Blob Blame History Raw
From: Rob Clark <robdclark@gmail.com>
Date: Fri, 15 Sep 2017 11:04:44 -0400
Subject: drm/msm: dump submits which triggered gpu hang
Git-commit: 96169f4e755a507a5c0b4fc12882d1d42abd5ab5
Patch-mainline: v4.15-rc1
References: FATE#326289 FATE#326079 FATE#326049 FATE#322398 FATE#326166

Note we need to move update_fences() to after msm_rd_dump_submit(),
otherwise the bo's referenced by the submit may no longer be valid.

Signed-off-by: Rob Clark <robdclark@gmail.com>
Acked-by: Petr Tesarik <ptesarik@suse.com>
---
 drivers/gpu/drm/msm/msm_gpu.c |   47 ++++++++++++++++++++++++------------------
 1 file changed, 27 insertions(+), 20 deletions(-)

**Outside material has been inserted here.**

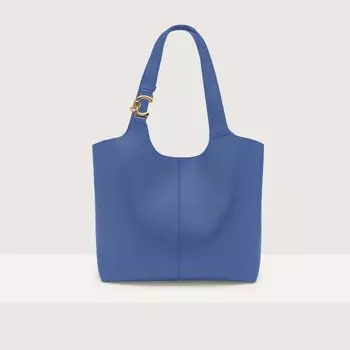Сумка-тоут Coccinelle C-Easy Large, цвет Azul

--- a/drivers/gpu/drm/msm/msm_gpu.c
+++ b/drivers/gpu/drm/msm/msm_gpu.c
@@ -257,34 +257,16 @@ static void recover_worker(struct work_s
 {
 	struct msm_gpu *gpu = container_of(work, struct msm_gpu, recover_work);
 	struct drm_device *dev = gpu->dev;
+	struct msm_drm_private *priv = dev->dev_private;
 	struct msm_gem_submit *submit;
 	struct msm_ringbuffer *cur_ring = gpu->funcs->active_ring(gpu);
-	uint64_t fence;
 	int i;
 
-	/* Update all the rings with the latest and greatest fence */
-	for (i = 0; i < ARRAY_SIZE(gpu->rb); i++) {
-		struct msm_ringbuffer *ring = gpu->rb[i];
-
-		fence = ring->memptrs->fence;
-
-		/*
-		 * For the current (faulting?) ring/submit advance the fence by
-		 * one more to clear the faulting submit
-		 */
-		if (ring == cur_ring)
-			fence = fence + 1;
-
-		update_fences(gpu, ring, fence);
-	}
-
 	mutex_lock(&dev->struct_mutex);
 
-
 	dev_err(dev->dev, "%s: hangcheck recover!\n", gpu->name);
-	fence = cur_ring->memptrs->fence + 1;
 
-	submit = find_submit(cur_ring, fence);
+	submit = find_submit(cur_ring, cur_ring->memptrs->fence + 1);
 	if (submit) {
 		struct task_struct *task;
 
@@ -309,9 +291,34 @@ static void recover_worker(struct work_s
 
 			dev_err(dev->dev, "%s: offending task: %s (%s)\n",
 				gpu->name, task->comm, cmd);
+
+			msm_rd_dump_submit(priv->hangrd, submit,
+				"offending task: %s (%s)", task->comm, cmd);
+		} else {
+			msm_rd_dump_submit(priv->hangrd, submit, NULL);
 		}
 		rcu_read_unlock();
+	}
+
+
+	/*
+	 * Update all the rings with the latest and greatest fence.. this
+	 * needs to happen after msm_rd_dump_submit() to ensure that the
+	 * bo's referenced by the offending submit are still around.
+	 */
+	for (i = 0; i < ARRAY_SIZE(gpu->rb); i++) {
+		struct msm_ringbuffer *ring = gpu->rb[i];
+
+		uint32_t fence = ring->memptrs->fence;
 
+		/*
+		 * For the current (faulting?) ring/submit advance the fence by
+		 * one more to clear the faulting submit
+		 */
+		if (ring == cur_ring)
+			fence++;
+
+		update_fences(gpu, ring, fence);
 	}
 
 	if (msm_gpu_active(gpu)) {